Voronoi and Weighted Voronoi polygons partition space into neighborhoods with similar estimated characteristics, hospital service areas in this example. As such, Voronoi diagrams are a method of spatial interpolation. These polygons can also serve as inputs to adjacency based methods of proximity analysis such as spatial autocorrelation, which considers patterns and trends in the data.

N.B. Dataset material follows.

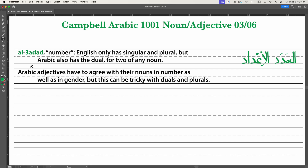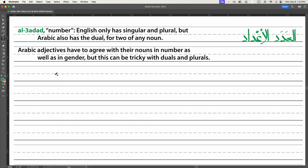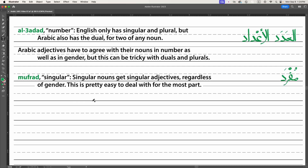Arabic adjectives have to agree with their nouns in number as well as in gender, and in theory this is simple, but it can be tricky with duals and plurals — I'll go into great detail about this in a moment. Let's deal with the singular first. Mufrad is our word for singular. The fa-ra-dal root means individual, so sometimes you'll meet someone named Farid or Farida, which means unique.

Spatial analysis provides many ways to consider neighborliness.

CONCLUDING THOUGHTS

That’s a lot of proximity analysis code to chew on! I hope that there is some useful code in this post, whatever type of neighborhood you are trying to model.  I also hope you can see from this post just how powerful R is as a computing environment for spatial analysis. The R sf and raster packages and related libraries provide a fantastic complement to desktop GIS software like ArcGIS and QGIS.  If you want to learn more, register for the D-Lab’s R Geospatial Data Fundamentals workshop, one iteration of which will be held in March 2021. I also strongly (and often) recommend the great online book Geocomputation with R by Robin Lovelace, Jakub Nowosad, and Jannes Muenchow for those interested in geospatial data and analysis in R.